# Text generator based on RNN

## Brief
Generate fake abstract with RNN model under tensorflow r1.3.

### Import libraries

In [1]:
import tensorflow as tf
import numpy as np
import random
import os

### Configurations 

In [2]:
vocab = (" $%'()+,-./0123456789:;=?ABCDEFGHIJKLMNOPQRSTUVWXYZ"
            "\\^_abcdefghijklmnopqrstuvwxyz{|}\n")
graph_path = r"./graphs"
test_text_path = os.path.normpath(r"../Dataset/arvix_abstracts.txt")
batch_size=50
model_param_path=os.path.normpath(r"./model_checkpoints")

### Data encoding
#### Basic Assumption

* A full string sequence consists $START$ & $STOP$ signal with characters in the middle. 

#### Encoding policy
* A set $\mathcal{S}$ that consists of many characters is utilized to encode the characters.
* The $1^{st}$ entry of the vector corresponds to $UNKNOWN$ characters(l.e. characters that are beyond $\mathcal{S}$). 
* The last entry of the vector corresponds to $STOP$ signal of the sequence. 
* The entries in the middle corresponds to the indices of the characters within $\mathcal{S}$. 
* The $START$ signal is represented as a zero vector. 
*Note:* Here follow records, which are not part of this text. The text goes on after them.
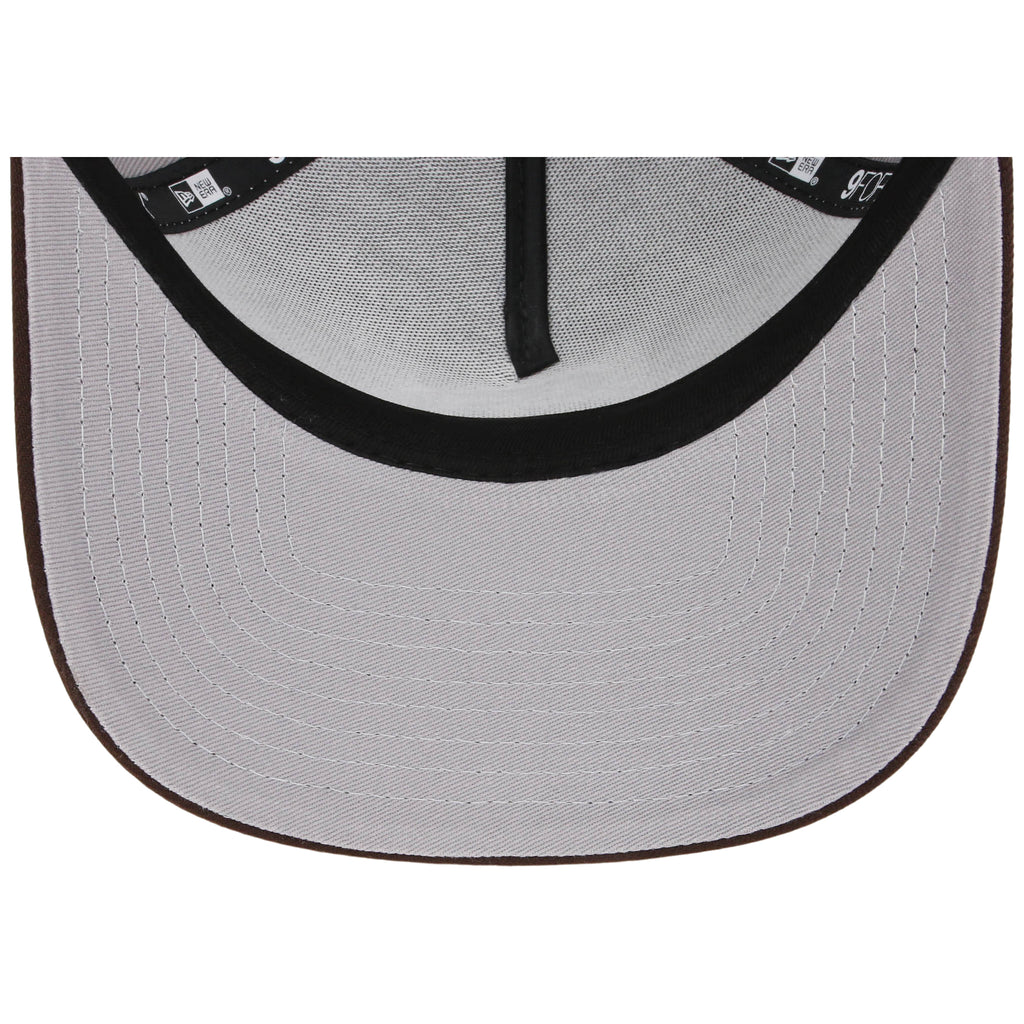 San Diego Padres MLB Gray OTC FASHION CORE New Era 9FORTY A-Frame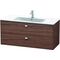 Duravit Waschtischunterbau BRIOSO Griffe chr 553x1220x479mm NB dunkel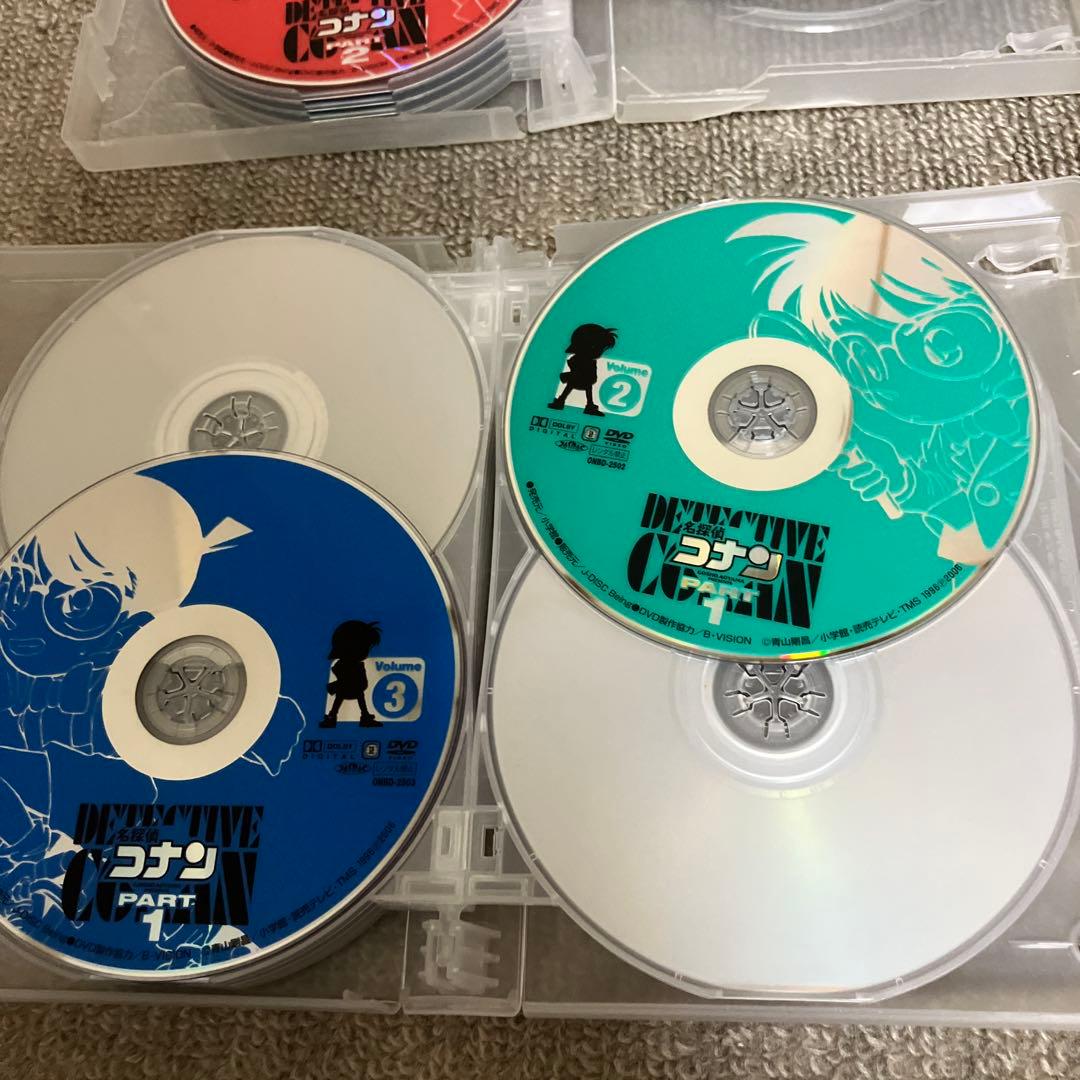 名探偵コナンDVD PART1〜PART27作品 約200枚欠品有り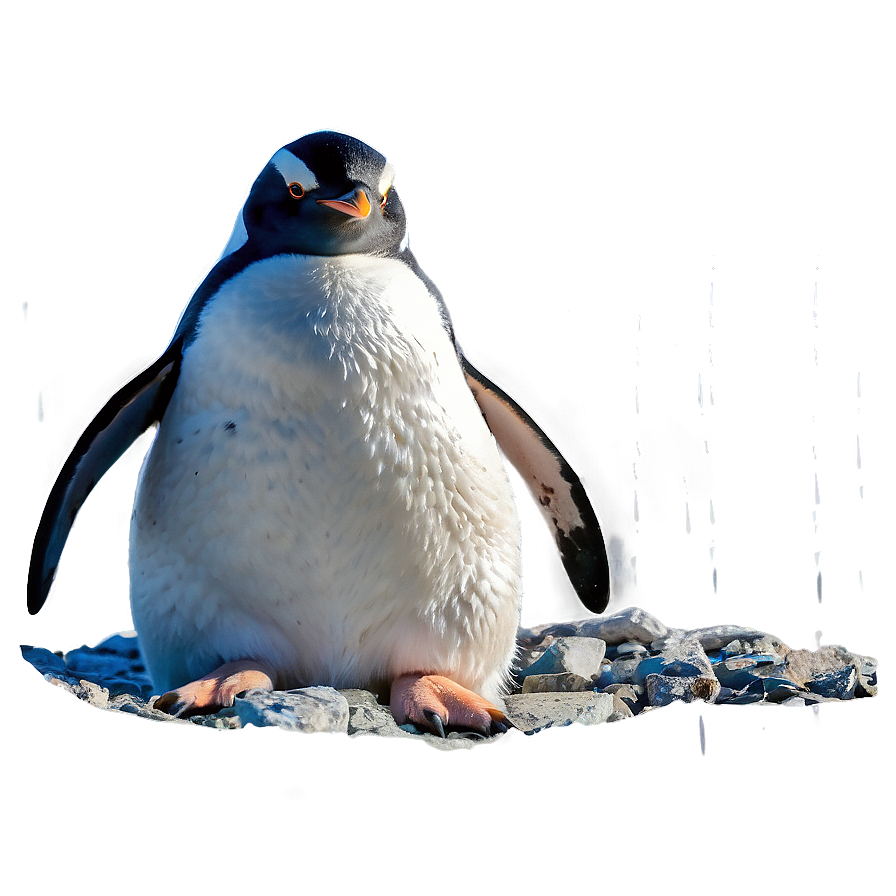 Penguin In The Wild Png 05062024 PNG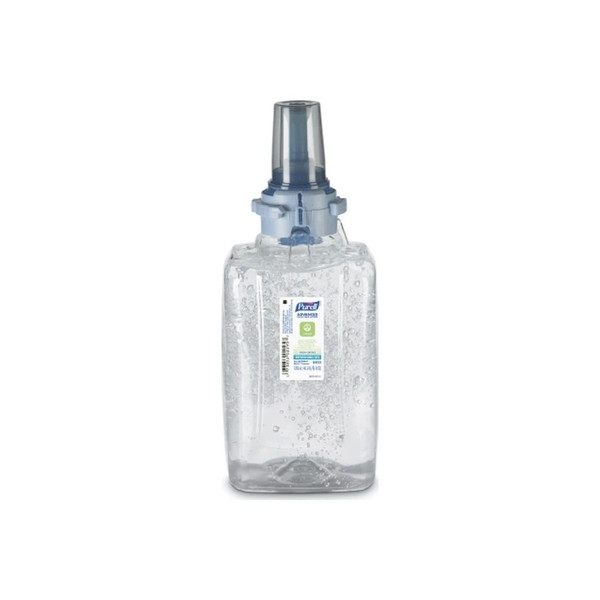 Gojo Industries - Purell Advanced - 8803-03 - Hand Sanitizer 1 200 Ml Ethyl Alcohol Gel Dispenser Refill Bottle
#### Implementation & Test
##### Declaration

In [3]:
class TextCodec:
    def __init__(self, vocab):
        self._vocab = vocab
        self._dim = len(vocab) + 2

    def encode(self, string, sess = None, start=True, stop=True):
        """
        Encode string.
        Each character is represented as a N-dimension one hot vector. 
        N = len(self._vocab)+ 2
        
        Note:
        The first entry of the vector corresponds to unknown character. 
        The last entry of the vector corresponds to STOP signal of the sequence. 
        The entries in the middle corresponds to the index of the character. 
        The START signal is represented as a zero vector. 
        """
        tensor = [vocab.find(ch)+1 for ch in string]
        if stop:
             tensor.append(len(vocab)+1)  # String + STOP
        tensor = tf.one_hot(tensor,depth=len(vocab)+2,on_value=1.0,off_value=0.0,axis=-1, dtype=tf.float32)
        if start:
            tensor=tf.concat([tf.zeros([1, len(vocab)+2],dtype=tf.float32),tensor],axis=0)  # String + START
        if sess is None:
            with tf.Session() as sess:
                nparray=tensor.eval()
        elif type(sess) == tf.Session:
            nparray = tensor.eval(session=sess)
        else:
            raise TypeError('"sess" must be {}, got {}'.format(tf.Session, type(sess)))    
        return nparray

    def decode(self, nparray, default="[UNKNOWN]",start="[START]",stop="[STOP]",strip=False):
        text_list = []
        indices=np.argmax(nparray,axis=1)
        for v, ch_i in zip(nparray,indices):
            if np.all(v==0):
                text_list.append(start if not strip else "")
            elif ch_i==0:
                text_list.append(default)
            elif ch_i==len(self._vocab)+1:
                text_list.append(stop if not strip else "")
            else:
                text_list.append(vocab[ch_i-1])
        return "".join(text_list)
    
    @property
    def dim(self):
        return self._dim

##### Test
See how encoding and decoding work. 

In [4]:
test_codec=TextCodec(vocab)
test_text_encoded=test_codec.encode("Hello world!")
print("Encoded text looks like:\n{}".format(test_text_encoded))
test_text_decoded=test_codec.decode(nparray=test_text_encoded,strip=False)
print("Decoded text looks like:\n{}".format(test_text_decoded))

Encoded text looks like:
[[ 0.  0.  0. ...,  0.  0.  0.]
 [ 0.  0.  0. ...,  0.  0.  0.]
 [ 0.  0.  0. ...,  0.  0.  0.]
 ..., 
 [ 0.  0.  0. ...,  0.  0.  0.]
 [ 1.  0.  0. ...,  0.  0.  0.]
 [ 0.  0.  0. ...,  0.  0.  1.]]
Decoded text looks like:
[START]Hello world[UNKNOWN][STOP]


## Load data set

In [5]:
with open(test_text_path, "r") as f:
    raw_text_list = "".join(f.readlines()).split("\n")
print("Loaded abstract from a total of {} theses.".format(len(raw_text_list)))
# See what we have loaded
sample_text_no = random.randint(0, len(raw_text_list)-1)
sample_text_raw = raw_text_list[sample_text_no]
print("A sample text in the data set:\n{}".format(sample_text_raw))
sample_text_encoded=test_codec.encode(sample_text_raw)
print("Encoded text:\n{}".format(sample_text_encoded))
print("Decoded text:\n{}".format(test_codec.decode(sample_text_encoded)))
encoded_data = test_codec.encode("\n".join(raw_text_list), start=False, stop=False)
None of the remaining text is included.